-- Task brief --
Among the entries below, one stretch runs from the line that contains "رهن کامل آپارتمان ۱۷۰ متری نوبنیاد" through the line that contains "Photo from a". Repeat that stretch exactly, ends included, and only that.

-- Dataset --
+++

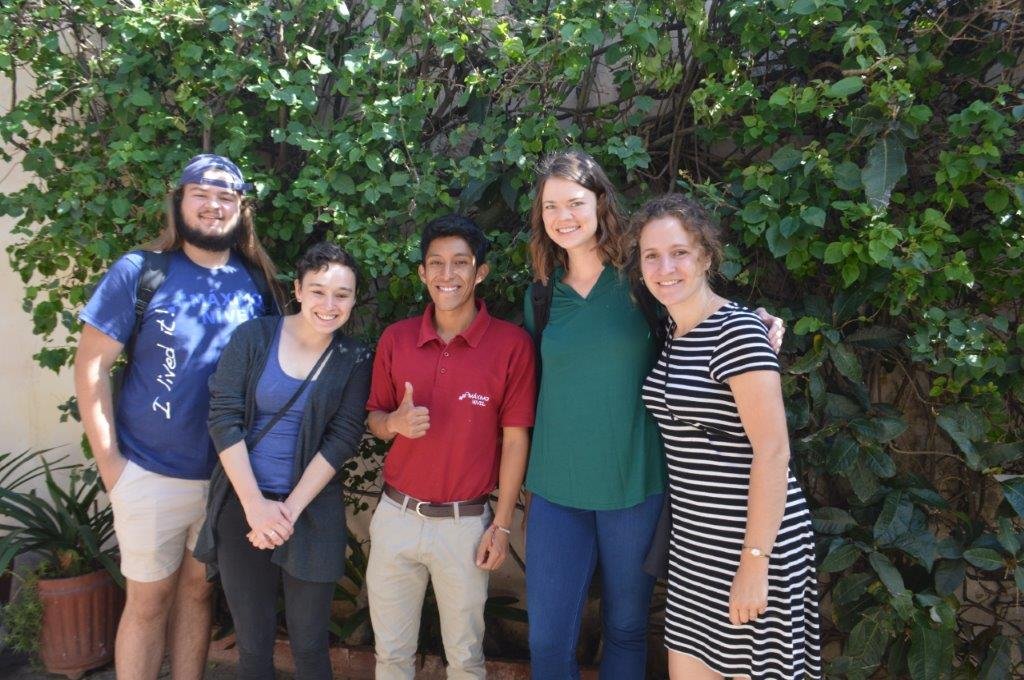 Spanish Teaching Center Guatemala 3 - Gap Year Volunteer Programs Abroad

+++

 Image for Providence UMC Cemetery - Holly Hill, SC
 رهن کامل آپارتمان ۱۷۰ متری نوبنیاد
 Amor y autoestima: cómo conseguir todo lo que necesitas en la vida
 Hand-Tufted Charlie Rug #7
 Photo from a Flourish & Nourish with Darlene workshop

+++

-- Written solution --
 رهن کامل آپارتمان ۱۷۰ متری نوبنیاد
 Amor y autoestima: cómo conseguir todo lo que necesitas en la vida
 Hand-Tufted Charlie Rug #7
 Photo from a Flourish & Nourish with Darlene workshop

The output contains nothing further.